Arsenicals are an important category of chemical weapons due to their devastating effects on the skin as well as systemic effects damaging multiple organs including the kidney and lung. This project is based on our findings that cutaneous exposure to lewisite, an arsenical first synthesized during world war I, not only damages skin but is also rapidly absorbed and exerts toxic effects in the kidney leading to both acute and delayed kidney damage. Preliminary studies demonstrate that arsenicals cause epigenetic histone remodeling by hyperacetylation and recruitment of BRD4 to promoter regions of inducible genes associated with inflammation and tissue damage. BRD4 is a member of the bromo- and extra-terminal domain family of proteins. In addition, we observed marked upregulation of the cytoprotective protein, heme oxygenase-1 (HO- 1) in the kidney following topical exposure to lewisite. Arsenicals induce higher expression of BRD4 and inflammatory signaling genes in HO-1 knockout mice as compared to wild-type littermates, suggesting the importance of HO-1 in epigenetic regulation of inflammatory responses. Taken together, these studies underscore the significance of both acute and delayed kidney damage following a single cutaneous arsenical exposure and identify two potential inter-related molecular targets, BRD4 and HO-1 in renal injury. The overall goal of this project is to develop mechanism-based post-exposure countermeasures that can mitigate arsenical-induced kidney damage. Our hypothesis is that toxic doses of arsenicals cause acetylation of proteins (histones) and subsequent recruitment of bromodomain proteins resulting in activation of injury pathways and that blocking bromodomain signaling or its downstream effectors can mitigate kidney injury.
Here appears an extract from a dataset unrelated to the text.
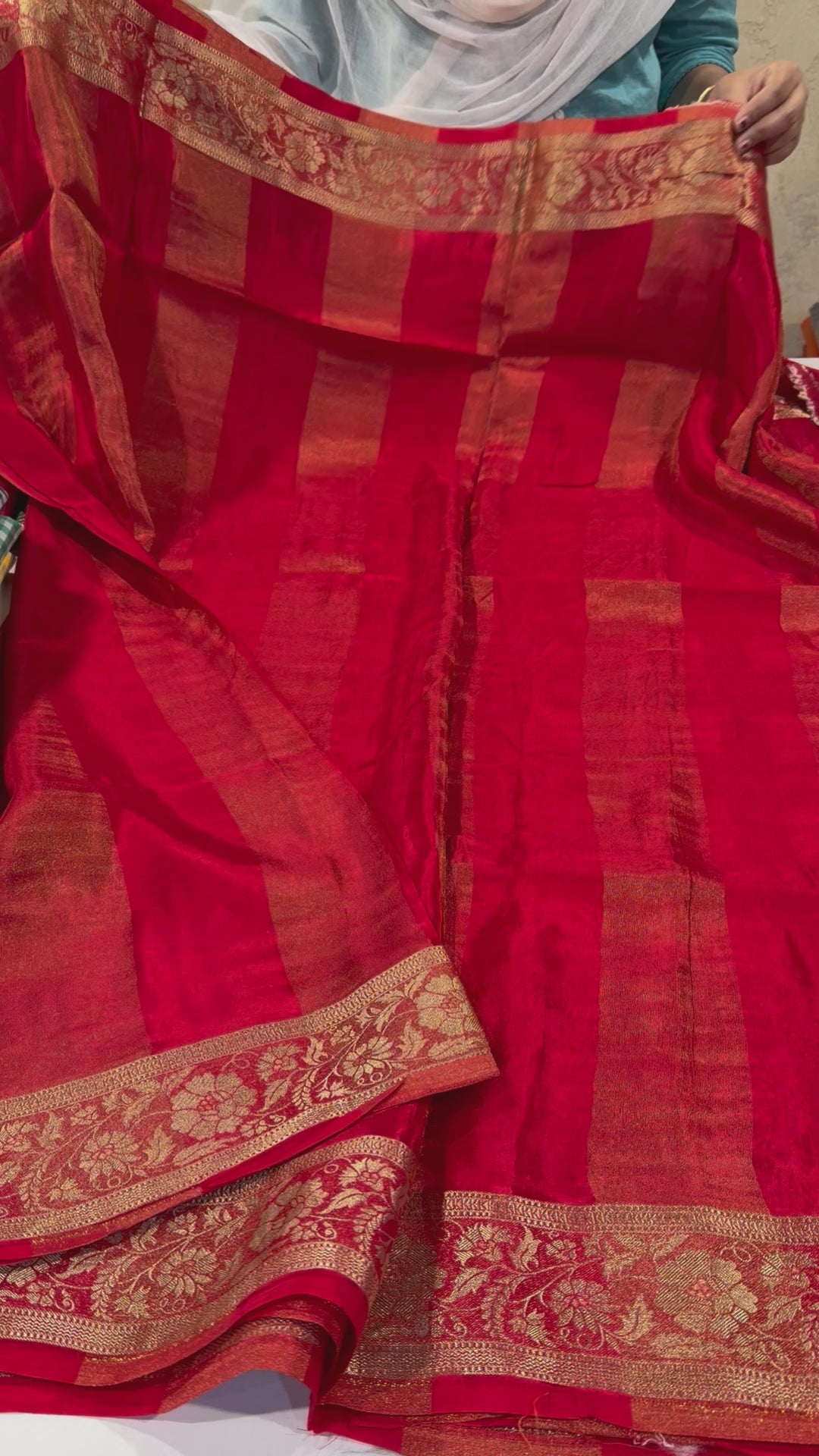 BM-2100 Red Mysore crepe sare with Bandini blouse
In Aim 1, an arsenical mediated murine model of AKI will be characterized to determine the dose- and time-dependence of kidney damage.
In Aim 2, we determine the mechanisms by which arsenicals cause AKI focusing on BRD4 and HO-1 for intervention in arsenicals-induced AKI.
In Aim 3, we will develop targeted therapeutic intervention in arsenical-induced AKI to determine the optimal window for the beneficial effects by post-exposure treatment in animals exposed to arsenicals. Both FDA approved and novel small molecules will be assessed in this aim. Successful completion of our research as proposed here will not only provide an effective antidote for chemical injury but will also contribute to a broader understanding of how endogenous epigenetic responses can be exploited towards developing new therapeutic strategies for AKI.